RTSP¶

RTSP is a protocol that allows to connect two endpoints and establish directional ultra low latency audio/video stream between them.

Today it is mostly used in IP cameras due to historical reasons. It is a well designed, highly extensible protocol that has enough features and capabilities to be used today and hasn't become outdated during his 30 years life. We are mad about ultra-zero-low-minimal latency nowadays, so this protocol is still actual.

RTSP can be compared to SIP and WebRTC. SIP is very similar to RTSP, but it is used for controlling bidirectional (or more complicated topology) and is used in IP telephony or video conferencing systems.
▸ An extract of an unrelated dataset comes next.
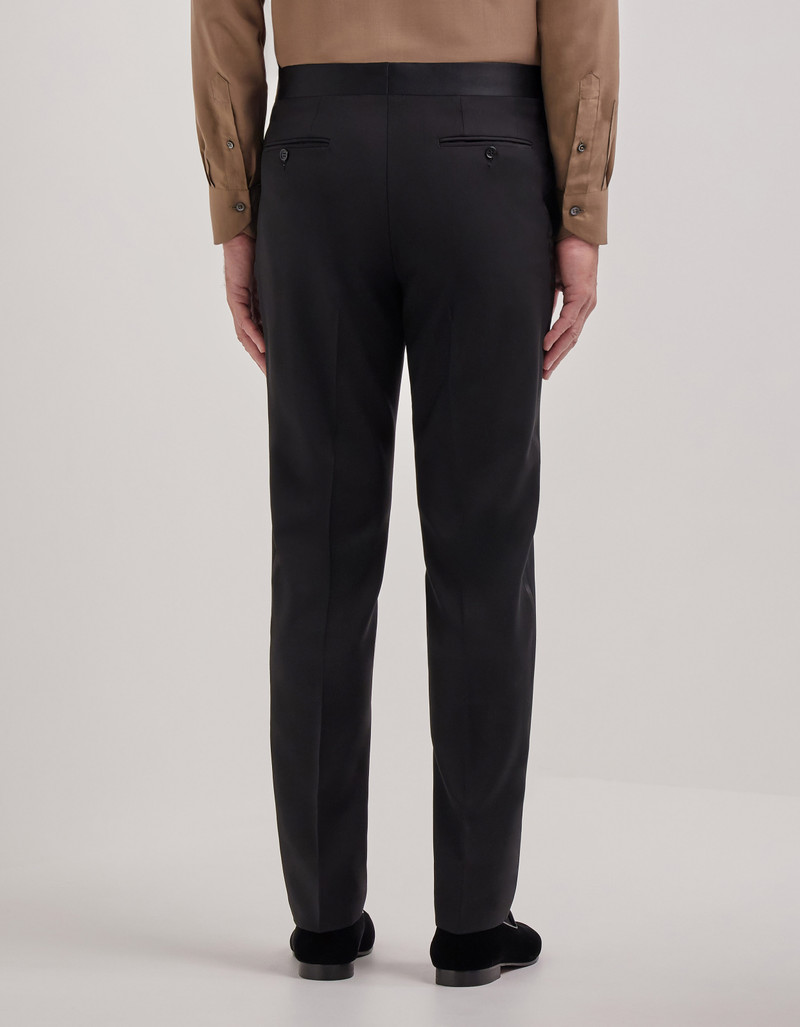 BLACK TROUSERS IN PURE WOOL WITH SATIN SIDE STRIPE 4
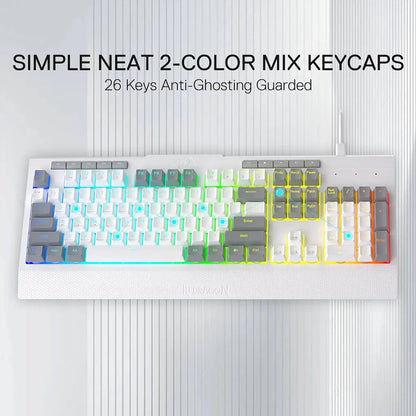 Redragon K525 SHIVA Lite Membrane Gaming Keyboard with Detachable Wrist Rest (White & Grey)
WebRTC is similar to SIP, but the text signalling protocol is replaced with non-specified HTTP way to exchange information. However WHEP/WHIP extensions for WebRTC are a direct replacement for RTSP.

Comparing to MPEG-TS, RTSP is focused on audio/video delivery via IP, while MPEG-TS is focused on providing TV services on single-directional media.

Flussonic supports:

Initiator	Direction	Description	Usage
Flussonic	Inside	ingest video from IP cameras via RTSP	Most often usage in video surveillance
ffmpeg	Inside	accept publish from ffmpeg via RTSP (we haven't seen any other software doing it)	Rarely used
external VMS	Outside	playback to external clients via RTSP (usually for video surveillance needs)	Other VMS systems
Flussonic	Outside	pushing to other server (usually flussonic) via RTSP	Rarely used

Sometimes it is possible to meet RTSP/2.0, but it is something mentioned, but not met in wild world. All are using different flavors of RTSP/1.0

There are two different incompatible flavors of RTSP in wild nature:

IP camera RTSP that transmits video and audio in different UDP/interleaved TCP streams. Usually unicast.
IPTV RTSP that transmits video and audio inside MPEG-TS, which is encapsulated inside RTP packets, sent via multicast.
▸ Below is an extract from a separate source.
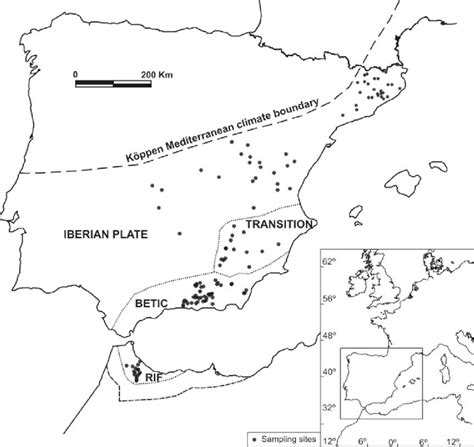 -Site location and sampling area grouped by geological regions: Iberian ...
Flussonic has full support for the first option and limited support for the second (only ingest).

RTSP, SDP, RTP and RTCP¶

Word RTSP implies using following standards:

RTSP as a text signalling protocol. It looks just like HTTP and is very similar to it.
SDP is a format for one text message that is transmitted from video source to video destination and tells about content and ways to get it
RTP is a binary protocol for transmitting video, audio, metadata via UDP or TCP in the same socket as RTSP goes.
RTCP is a binary bidirectional protocol for exchanging control messages related to the transmitted RTP.

RTSP¶

While HTTP can live with only two verbs (GET and POST) it is extended with list of business-level verbs for WebDAV like MKCOL, MOVE.

RTSP has a dozen of well known verbs that are used for logic level. Most common list is: OPTIONS/GET_PARAMETER, DESCRIBE, ANNOUNCE, SETUP, PLAY, RECORD, TEARDOWN

Initiator of the connection is sending requests and receiving responses. Terms like client or server here are not convenient, because it is not very clear, who is the client and the server when two servers are connecting each other.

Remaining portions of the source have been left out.